What Went Wrong in Argentina?

As Argentina's economy unravels in street demonstrations, food riots, and political tumult, conventional wisdom suggests that a lethal combination of reckless government spending and a fixed exchange rate is to blame. Large fiscal deficits, so this argument goes, pumped up domestic demand, which fueled inflation and caused the peso to appreciate in real terms, even though it was pegged to the US dollar at a nominal one-to-one exchange rate. As public debt grew, the government's only hope of paying it back was a deflationary clampdown on available money and credit--with a collapse in output, soaring unemployment, and civil disorder almost inevitable.

This line of reasoning is plausible, because exchange rate misalignment may indeed be at the heart of Argentina's problems (albeit for very different reasons that we will not explore here, one associated with a sudden stop in capital flows). But fiscal profligacy alone cannot explain Argentina's meltdown.

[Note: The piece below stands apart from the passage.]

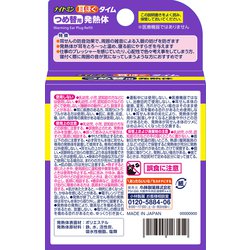 ヨドバシ.com - 小林製薬 ナイトミン耳ほぐタイム 詰替用 通販【全品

Throughout the 1990s, Argentina's budget deficit never exceeded 2% of GDP, with the exception of 1999, when it rose to 2.5%, before falling back to 2.4% in 2000. While public-sector borrowing pushed external debt from 28.4% of GDP in 1991 to 51.4% in 2000, this still compares favorably with countries renowned for their fiscal probity. The European Union, for example, requires its member states to cap budget deficits and public debt, respectively, at 3% and 60% of GDP. Moreover, like Argentina's dollar peg, most EU countries abandoned control over their exchange rates by adopting the euro. Yet no one suggests that Germany, France, or Italy risk sharing Argentina's fate.